Abert’s squirrels are found sporadically throughout the Rocky Mountains, from Arizona to Mexico. They are named in honor of Col. John James Abert, an American soldier, and naturalist.
|Scientific Name||Sciurus aberti|
|Also known as||Tassel-eared squirrel|
|Description||Size: They reach a total length of around 17.8-22.8 in (45-58 cm), the tail adds another 7.5-9.8 in (19-25 m)
Weight: Their average weight is usually 21.9 oz (620 g)

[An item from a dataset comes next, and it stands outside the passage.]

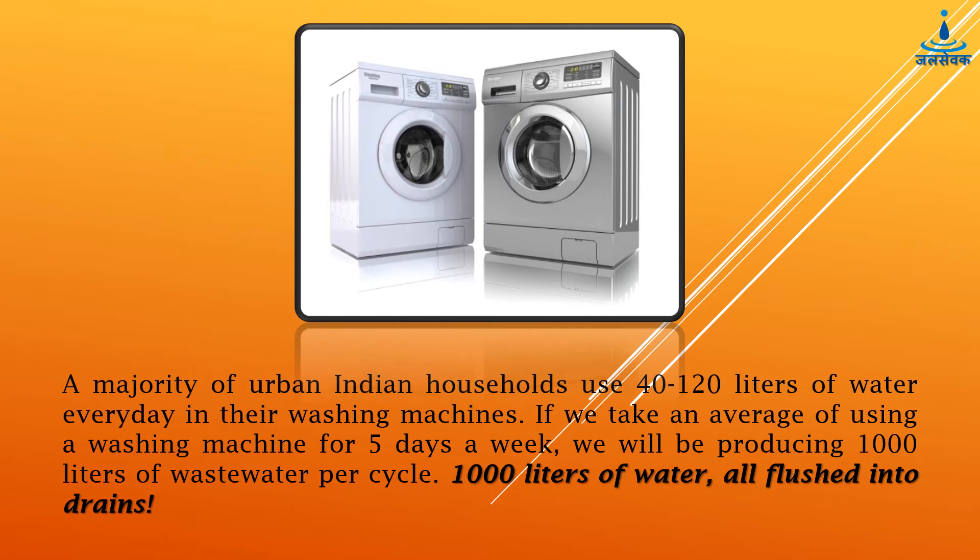A majority of urban Indian households use 40 to 120 litres of water every day in their washing machines. If we take an average of using a washing machine for 5 days a week, we will be producing 1000 litres of waste water per cycle — 1000 litres of water all flushed into drains.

Color: Varies between subspecies; usually a grey fur with a white ventral side and a conspicuous rust colored stripe on their back; some subspecies are entirely black
|Distribution & Subspecies||Sciurus aberti aberti: Northern Arizona
S. a. chuscensis: Arizona-New Mexico border
S. a. kaibabensis: Kaibab Platue in Arizona
S. a. mimus: New Mexico-Colorado border
S. a. ferreus: The Rocky Mountains in Central Colorado
S. a. navajo: Southeastern Utah
S. a. barberi: Northwestern Chihuahua
S. a. durangi: Durango
S. a. phaeurus: Southern Chihuahua and Durango
|Habitat||Most abundant in ponderosa pine forests, but may also be seen in mixed forests, especially in New Mexico and Mexico|
|Sounds & Communication||They use a variety of sounds like squeals, screeches, clucks, barks; also communicate through visual means and touch|
|Lifespan||Data regarding life-expectancy in the wild is deficient; a captive individual lived for seven years|
|Diet||Feeds on ponderosa pine tree parts like seeds, cones, buds, fungi, and the inner bark; in areas where this tree is not available, they exhibit similar feeding habits but from different trees|
|Adaptations||Since they spend most of their time on trees, they have a light and agile frame that helps them climb and leap from one branch to another; they shed their thick coat and tasseled ears during summer to keep up with the changing climate|
|Predators||Coyotes, mountain lions, bobcats, and northern goshawks prey on these rodents|
|IUCN Conservation Status||Least Concern|
These squirrels are diurnal, becoming active a little before sunrise, and returning to their nest before sunset, foraging at intervals throughout the day. They build these shelters or nests on dwarf-mistletoe infected twigs in ponderosa pine trees. They are not territorial but remain solitary from late spring to autumn.
Mating & Reproduction
During mating season, which occurs between February and June, male Abert’s squirrels led by a dominant individual ‘chase’ after a female through the forest for hours. Females are promiscuous and copulate with multiple partners. The gestation period is around 43 days, ending with a litter of one to five newborns.
The babies are about 0.43 oz (12 g) at birth. They are weaned after around 70-76 days and weigh 12.5 oz (355 g) by this time. They reach sexual maturity when they are around 327 days old.
- The mule deer takes advantage of the Abert’s squirrel’s arboreal feeding habits; as soon as the latter drops something from high up in the tree, the mule deer waiting at the bottom eats it up.
- Ponderosa pines produce a pungent chemical called terpene to dissuade these rodents from feeding on its parts.